What is helpful is if someone will make mention of you in their prayers in thanksgiving and petition while remembering specifics about why they thank God for you and the needs that you have. That is helpful to you whether you even know about it because 1) God deserves the praise and thanksgiving, and 2) God can do something about any need that you have.

There is an interesting word play that occurs in the transition from verse 2 to verse 3 concerning what they made mention in their prayers concerning the Thessalonians and their remembering their work and character. The word for “mention” in verse 2, mneiva / mneia, and the word for “bearing in mind” (NASB) or “remembering” (NKJV, ESV), mnhmoneuvw / mnāmoneuō, come from the same root word. They are mentioning what is remembered in their prayers and it is what the Thessaloninians did and were like that they are remembering to mention.

The transition from verse 2 to verse 3 also makes another important point about this. I think we all understand the adage, “Out of sight, out of mind.” The normal human tendency is to focus thinking on what is happening at the present time and all the more so if the particular activity requires more concentration to accomplish. Some activities, such as running for physical exercise, are fairly mindless so we can think about other things while we are doing them. Other activities, such as figuring out your income tax or a new computer program, take a lot of concentration so that of necessity you must put other things out of your mind. However, all of us also know that at times something is so important to you that you continue to keep thinking about it even when you are trying do other things. That is the sense here in verses 2 of their giving thanks to God for them always and making mention of them in their prayers constantly remembering their virtuous actions and character. They were doing this “always” and “constantly” because the Thessalonians were much on their minds.

The specifics being remembered and mentioned are their work of faith, their labor of love, and their steadfastness of hope in the Lord Jesus. This is a logical threefold step in intensity and perspective. The grammatical emphasis in this progression is on work, labor and steadfastness, with labor being more intense than work and steadfastness more intense than labor. Each is further described with the modifiers faith, love and hope which is a logical order in sequence and time. Faith lays the foundation and looks to what has already happened, the past. Love is the expression of faith in the present. The result is hope which is a confident assurance of the future in the Lord Jesus Christ. To slightly modify G.R. Harding Wood’s description of this, “Faith looks back to a Crucified Savior. Love looks up to a Crowned Savior. Hope looks [forward] to a Coming Savior.”
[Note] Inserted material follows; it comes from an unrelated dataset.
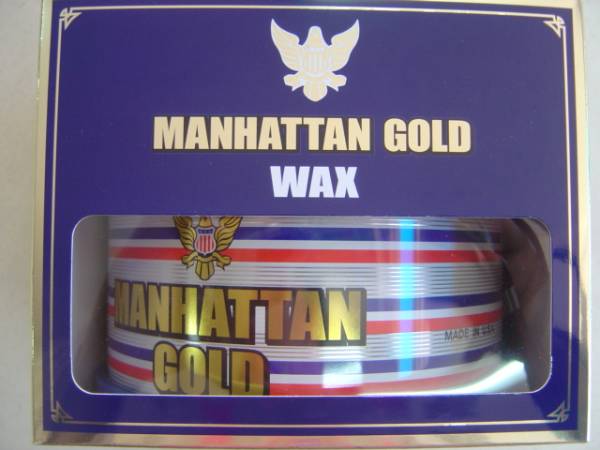 新品/シュアラスター マンハッタン ゴールド 320g(M01)ワックス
What are each of these? Warren Wiersbe points out that the simple answer is in the text itself in comparing verse 3 to verses 9-10. Their work of faith is that they turned to God from idols. Their labor of love is in serving the living and true God. Their steadfastness of hope is in their waiting for the return of God’s son, the Lord Jesus, from heaven. Let’s look at each of these in more detail.

Their Work of Faith – 1 Thessalonians 1:3

Paul only uses this particular phrasing, work of faith, here and in 2 Thessalonians 1:11. Paul makes very strong statements in Romans and Galatians that separate righteousness based on works of the law and justification based on faith. For example, Romans 3:28, “For we maintain that a man is justified by faith apart from works of the Law,” and Galatians 2:16, “nevertheless knowing that a man is not justified by the works of the Law but through faith in Christ Jesus, even we have believed in Christ Jesus, so that we may be justified by faith in Christ and not by the works of the Law; since by the works of the Law no flesh will be justified.” However, as seen here, Paul does make a connection between work and faith in that there is a “work of faith” and faith will result in works.
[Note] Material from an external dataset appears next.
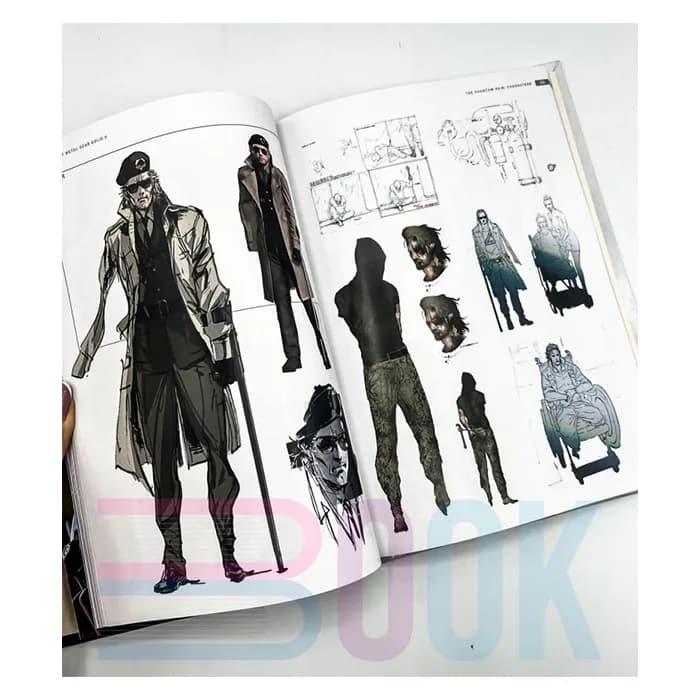 آرت بوک متال گیر سالید The Art of Metal Gear Solid V — تصویر ۵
What is the work of faith? The concept actually begins with Jesus’ interaction with a crowd in John 6:27-29, Jesus said, 27 Do not work for the food which perishes, but for the food which endures to eternal life, which the Son of Man will give to you, for on Him the Father, God, has set His seal.” 28 Therefore they said to Him, “What shall we do, so that we may work the works of God?” 29 Jesus answered and said to them, “This is the work of God, that you believe in Him whom He has sent.” If you want to do the work of God, then the first work is to have faith in Jesus Christ whom God sent. You have to believe that Jesus’ claims to be the Son of God, the Messiah from God, are true along with all the ramifications of such a belief.

In Romans 16:25-27 Paul links the preaching of the gospel to belief in Jesus Christ resulting in the “obedience of faith.” (See also Romans 1:5). In Galatians 5:4-6 Paul again points out that you cannot be justified by the law, but that righteousness comes by grace through the spirit by faith and that what matters in Christ Jesus is faith working through love. In Ephesians 2:8-10 he also makes it clear that it is expected that faith will result in good works. He states unequivocally, 8 “For by grace you have been saved through faith; and that not of yourselves, it is the gift of God; 9 not as a result of works, so that no one may boast. 10 For we are His workmanship, created in Christ Jesus for good works, which God prepared beforehand so that we would walk in them.”

It is the consequences of belief that result in the “work of faith” as explained by Paul in 1 Thessalonians 2:13-14, 13 “For this reason we also constantly thank God that when you received the word of God which you heard from us, you accepted it not as the word of men, but for what it really is, the word of God, which also performs its work in you who believe. 14 For you, brethren, became imitators of the churches of God in Christ Jesus that are in Judea, for you also endured the same sufferings at the hands of your own countrymen, even as they did from the Jews.” First notice the tie here to 1:3 in thanking God for what had occurred among them. They heard what Paul preached and accepted it as the word of God to believe, and that belief in the teachings of the word of God worked in them to produce the result of being like the other true churches in also holding fast to their faith though persecuted by their own countrymen.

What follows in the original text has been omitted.